▶ **What to produce**
When the line containing "Torre Relógio Mont" is found in the data below, give it again along with every later line, exactly; drop the pictures.

▶ **Records to use**
______________________________

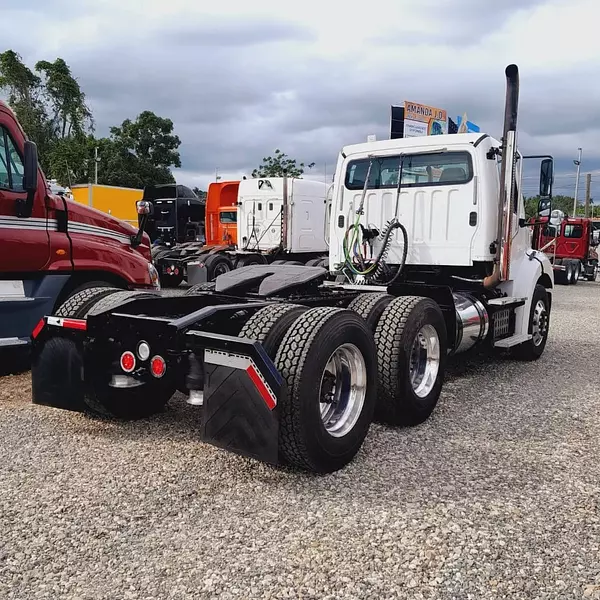 camiones y vehiculos pesados - Freightliner M2 106 año 2013  7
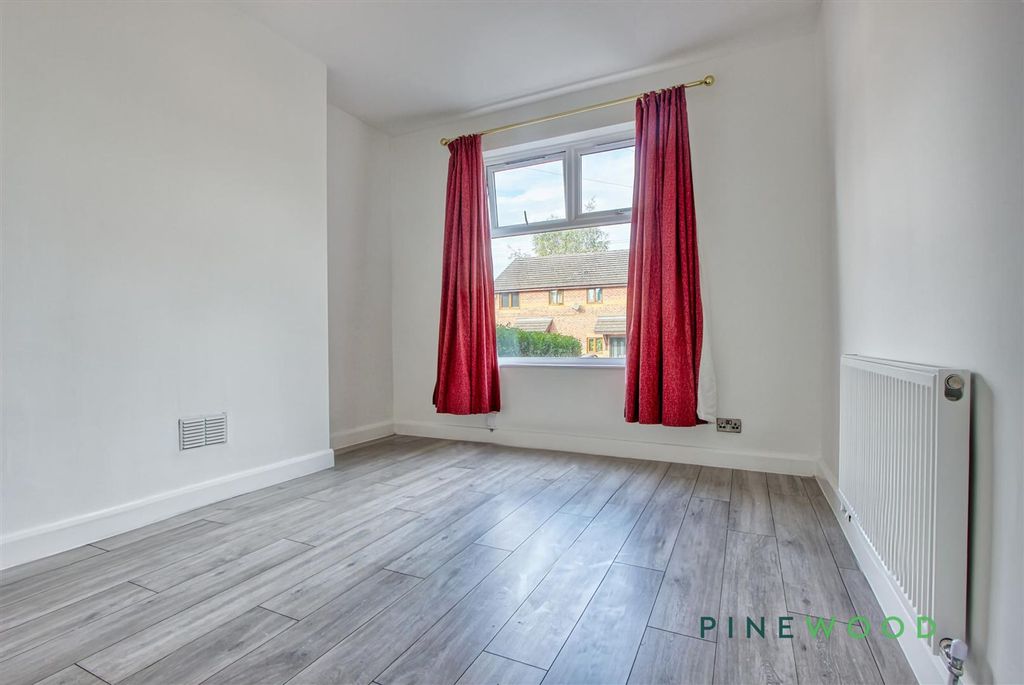 Property photo 3 of 16 Lounge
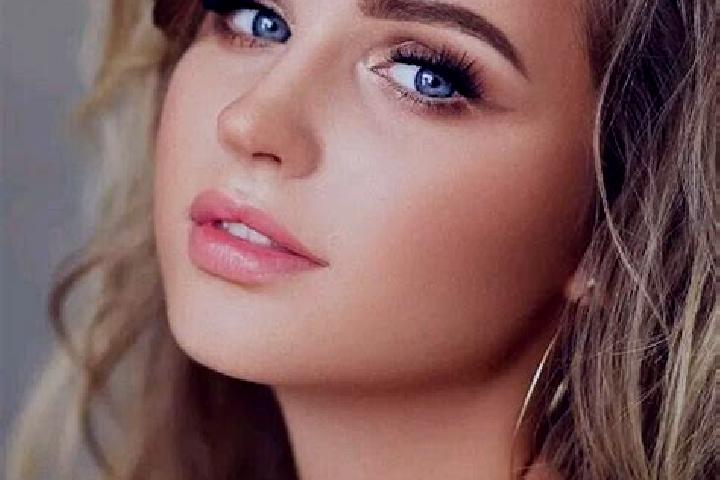 Victoria, 27, a dark blonde blue-eyed mediterranean companion based in Yel niki. Offering Overnight, 69, BDSM, Couples. Available for incall and outcall, day...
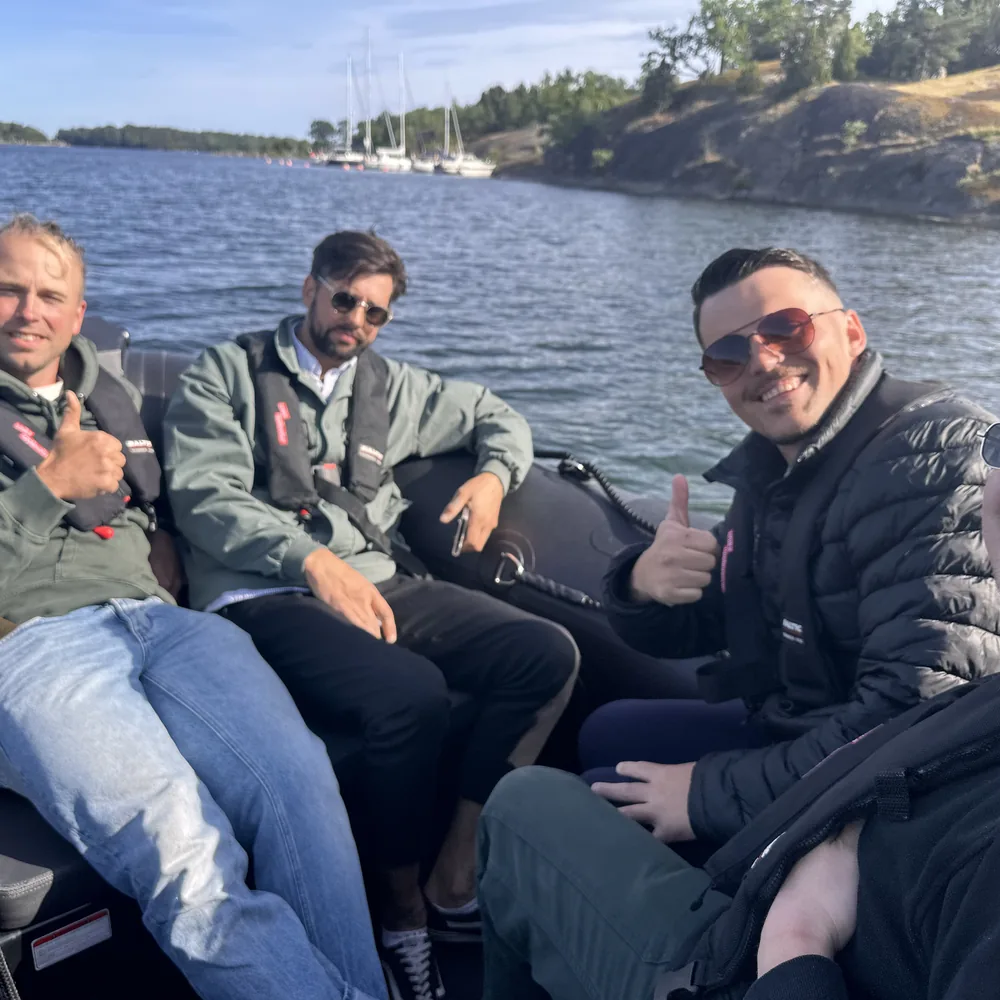 GBJ Bygg på RIB-tur med Unika Upplevelser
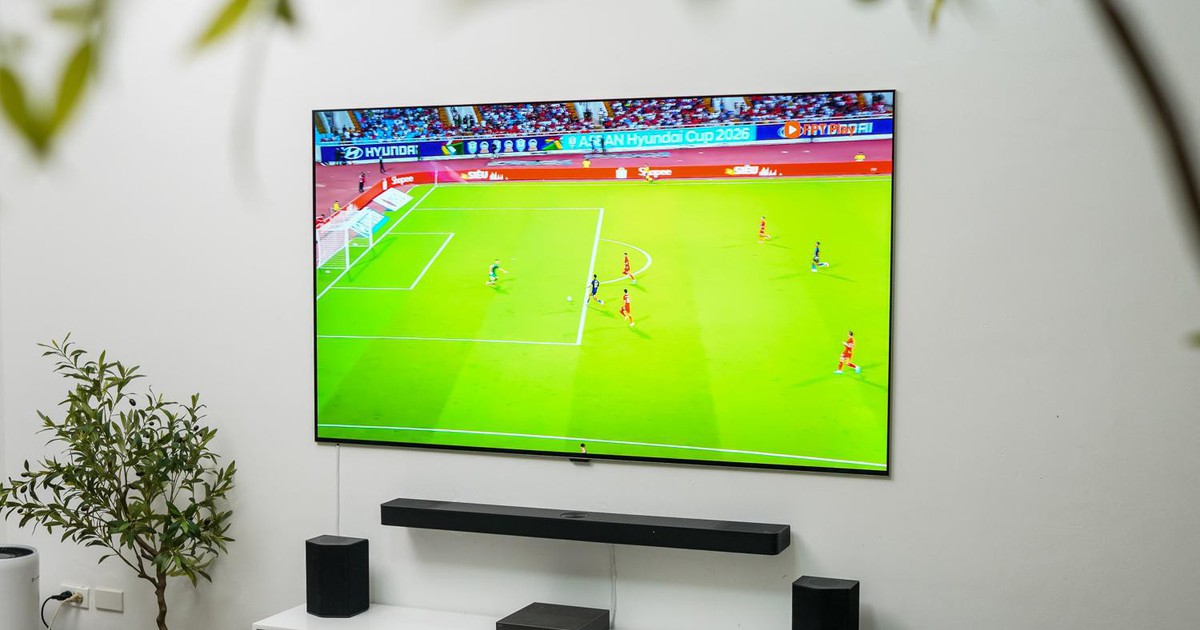 LG OLED evo W6 được treo sát tường trong không gian phòng khách hiện đại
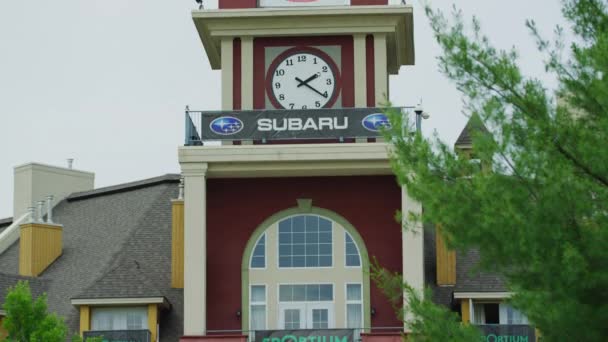 Torre Relógio Mont Tremblant Resort — Vídeo de Stock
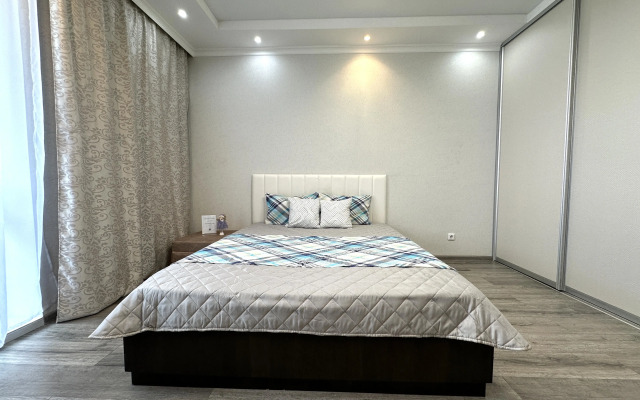 S Vidom na Gorod Sozdayut Uyutnuyu Atmosfery Apartments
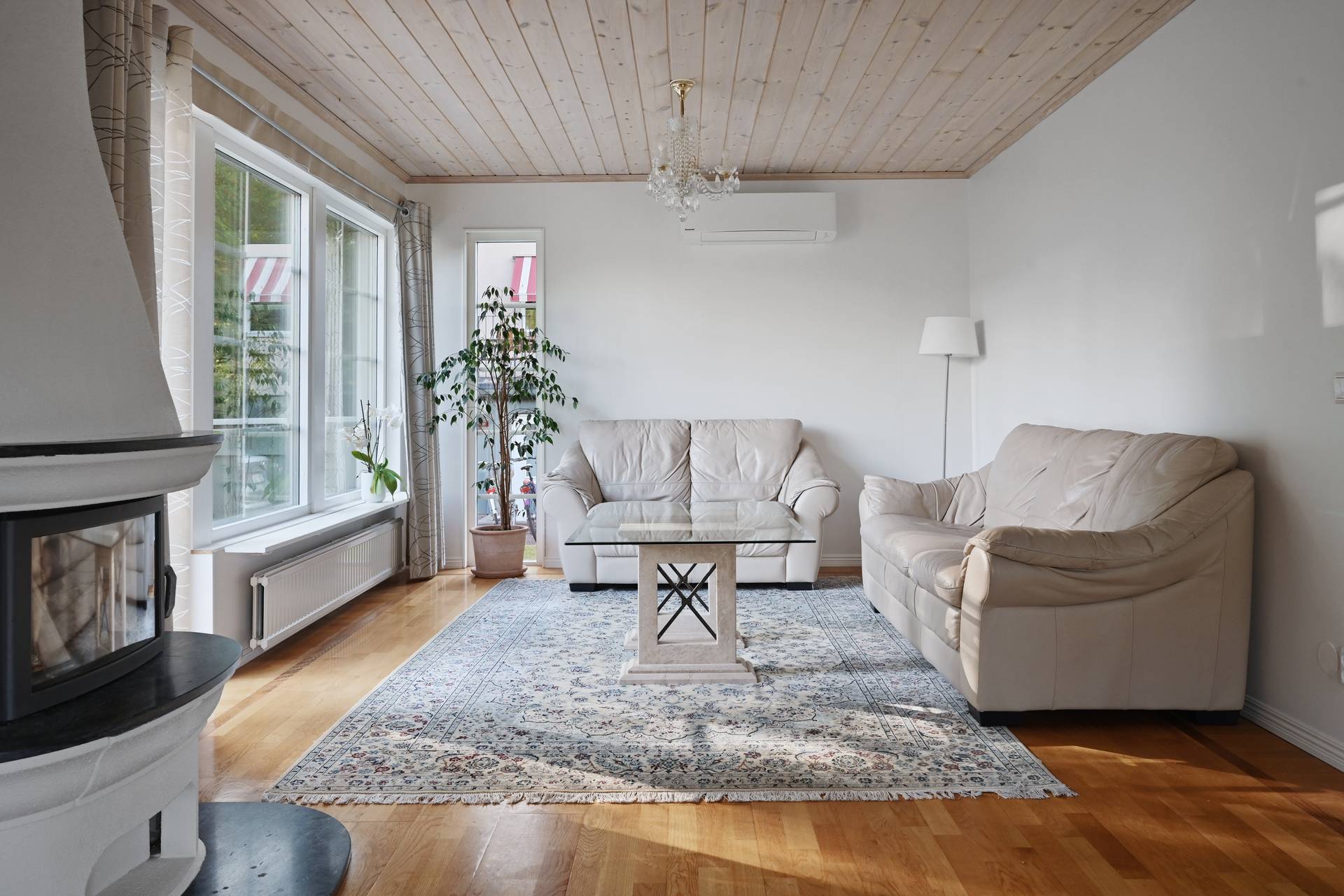 6 rum Villa på Bivägen 6B Töjnan Sollentuna kommun - bild 9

______________________________

▶ **Solution below**
 Torre Relógio Mont Tremblant Resort — Vídeo de Stock
 S Vidom na Gorod Sozdayut Uyutnuyu Atmosfery Apartments
 6 rum Villa på Bivägen 6B Töjnan Sollentuna kommun - bild 9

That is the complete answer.